Anas pada pemeriksaannya Jumat (28/3) lalu membawa laporan audit kampanye Presiden SBY pada 2009 berjudul "Laporan Akuntan Independen atas Penerapan Prosedur yang Disepakati terhadap Laporan Penerimaan dan Penggunaan Dana Kampanye Pemilihan Umum Presiden dan Wakil Presiden tahun 2009 Pasangan Calon Presiden dan Wakil Presiden Susilo Bambang Yudhoyono-Boediono serta Tim Kampanye Nasional" ke KPK.

Menurut Anas, di dalam laporan tersebut mengenai keanehan sumber penyumbang kampanye, misalnya, ada penyumbang yang tidak terdaftar dan sebaliknya ada nama penyumbang korporasi dan perseorangan yang dalam laporan tersebut.

"Sulit untuk memahami kejiwaan AU atas tindakan yang terus melontarkan kebohongan kepada publik terkait SBY dan keluarga. Kami yakin KPK profesional dan tidak tertipu dengan kebohongan AU, kami serahkan sepenuhnya masalah ini kepada KPK," tambah Palmer.

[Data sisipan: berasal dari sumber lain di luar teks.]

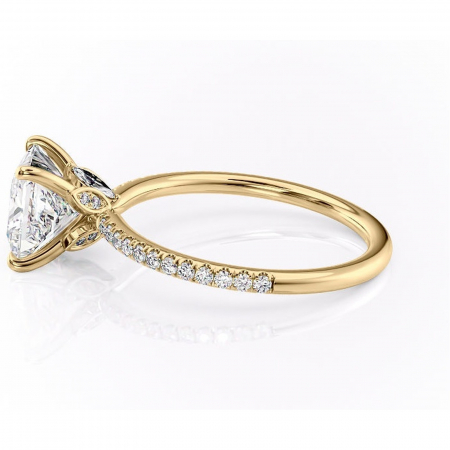 Inel de logodnă Onyxia din aur Galben 14kt cu moissanite tăietură princess – Montură pavé rafinată pentru profil înalt | Personalizează și configurează gratuit online [5]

Sejumlah pernyataan Anas dinilai Palmer bertentangan dengan data KPK dari keterangan saksi lainnya, misalnya, pernyataan mengenai uang muka pembelian mobil Toyota Harrier sebesar Rp250 juta.

"Namun, KPK sendiri sudah membantah bahwa bukti maupun keterangan saksi telah membuktikan bahwa sumber dana pembelian Toyota Harier berasal dari perusahaan Nazaruddin," ungkap Palmer.

Selanjutnya terkait tuduhan terhadap anak bungsu SBY, Edhi Baskoro Yudhoyono (Ibas) yang disebut mendapatkan dana 200 ribu dolar AS dari proyek Hambalang.

"Tidak benar Ibas menerima dana tersebut, jika ada bukti terkait hal ini, silahkan serahkan kepada instansi penyidik yang berwenang. Tidak pernah ada keragu-raguan sikap dalam menanggapi tuduhan tersebut," tegas Palmer.

Untuk tindak pidana korupsi, KPK menyangkakan Anas berdasarkan pasal 12 huruf a atau huruf b atau pasal 11 UU no 31 tahun 1999 sebagaimana telah diubah menjadi UU no 20 tahun 2001 tentang penyelenggara negara yang menerima suap atau gratifikasi dengan ancaman pidana penjara seumur hidup atau pidana penjara paling singkat 4-20 tahun dan pidana denda Rp200-Rp1 miliar.

Anas dalam surat dakwaan mantan Menpora Andi Mallarangeng mendapat Rp2,21 miliar untuk membantu pencalonan sebagai ketua umum dalam kongres Partai Demokrat tahun 2010 yang diberikan secara bertahap pada 19 April 2010 hingga 6 Desember 2010.

Anas juga disangkakan melakukan TPPU sejak 5 Maret lalu dengan sangkaan pasal 3 dan atau Pasal 4 Undang-Undang Nomor 8 Tahun 2010 tentang Pencegahan dan Pemberantasan Tindak Pidana Pencucian Uang dan atau Pasal 3 ayat 1 dan atau Pasal 6 ayat 1 Undang-undang Nomor 15 Tahun 2002 sebagaimana diubah berdasarkan UU No 25 tahun 2003 jo Pasal 55 ayat 1 ke-1 KUHP mengenai orang yang menyamarkan harta kekayaan yang berasal dari kejahatan.

Ancaman pidana terhadap orang yang melanggar pasal tersebut adalah penjara paling lama 20 tahun dan denda paling banyak Rp10 miliar. Pengenaan pasal tersebut memberikan kewenangan KPK untuk menyita harta kekayaan Wawan yang diduga berasal dari tindak pidana korupsi.